TASK BRIEF >> An exact transcription is needed of the lines below from the one with "Classeur Adoption d'accueil" through the one with "New 2026 Jeep", with no other lines and no pictures.

SOURCE MATERIAL >>

::::

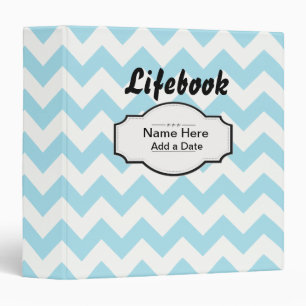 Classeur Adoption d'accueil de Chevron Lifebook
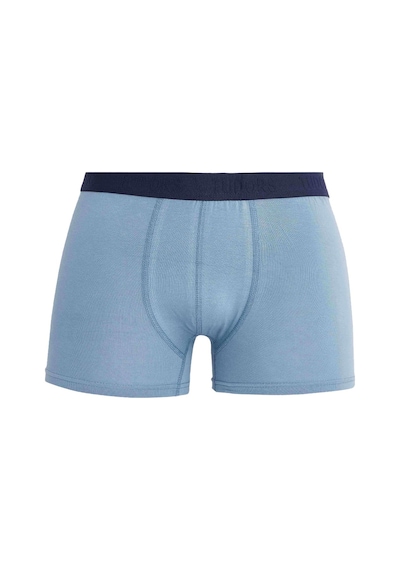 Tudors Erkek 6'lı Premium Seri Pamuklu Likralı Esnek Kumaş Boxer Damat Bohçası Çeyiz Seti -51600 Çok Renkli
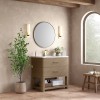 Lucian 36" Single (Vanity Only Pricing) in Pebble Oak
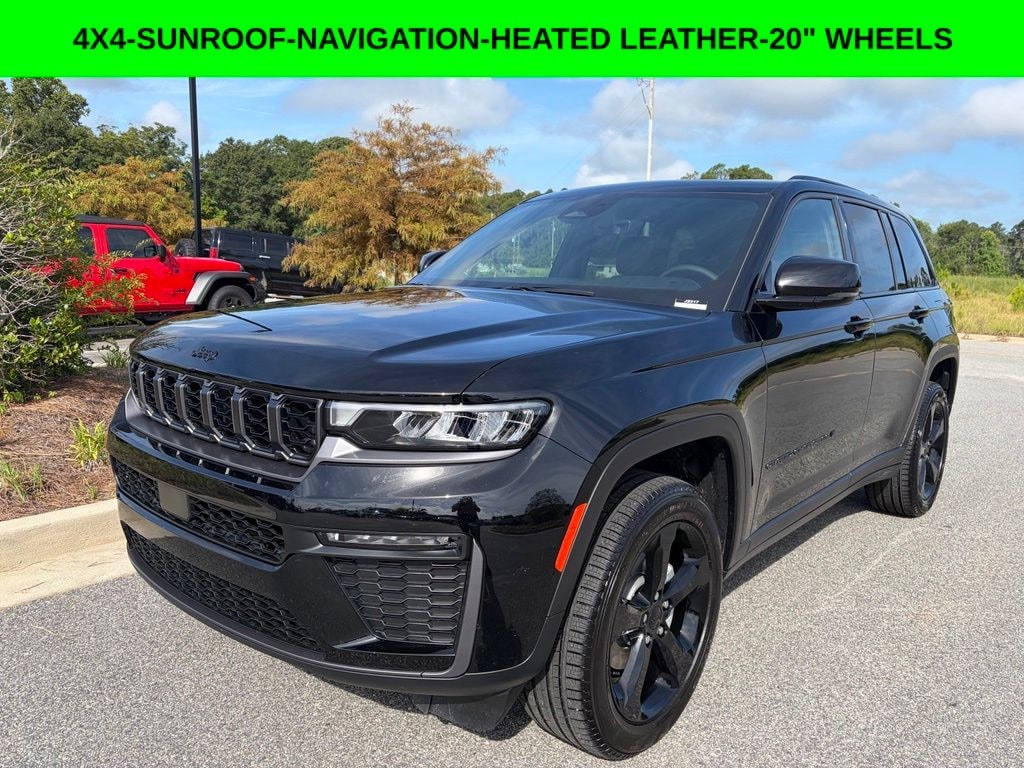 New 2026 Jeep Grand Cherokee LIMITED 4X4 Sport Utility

::::

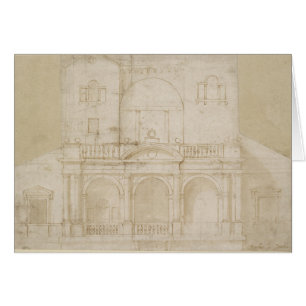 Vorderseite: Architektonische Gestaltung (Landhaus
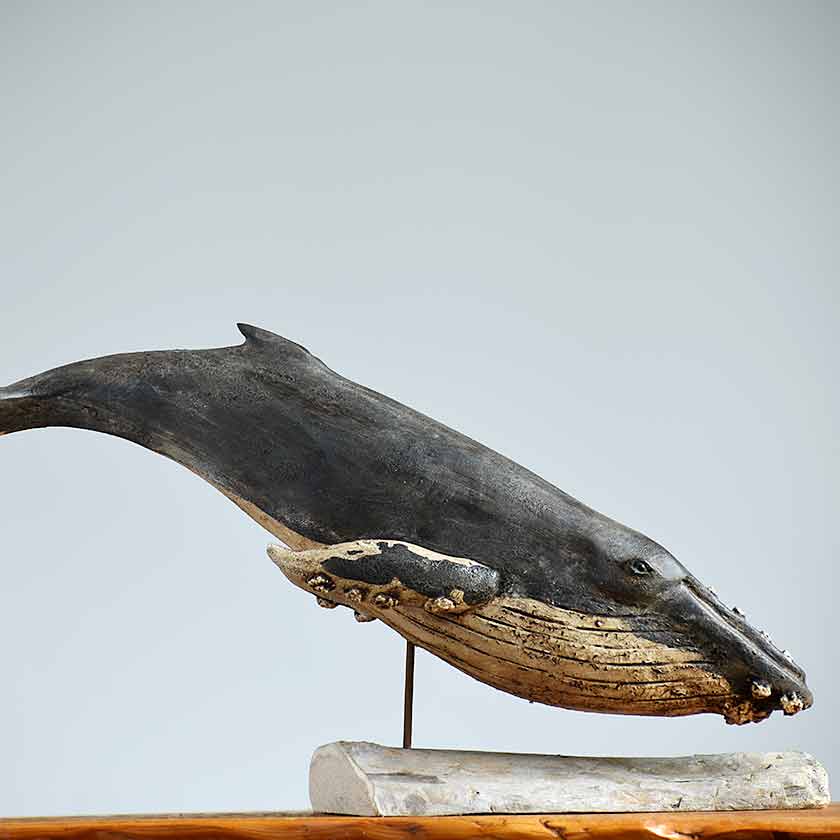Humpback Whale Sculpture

::::

WRITTEN RESPONSE >>
 Classeur Adoption d'accueil de Chevron Lifebook
 Tudors Erkek 6'lı Premium Seri Pamuklu Likralı Esnek Kumaş Boxer Damat Bohçası Çeyiz Seti -51600 Çok Renkli
 Lucian 36" Single (Vanity Only Pricing) in Pebble Oak
 New 2026 Jeep Grand Cherokee LIMITED 4X4 Sport Utility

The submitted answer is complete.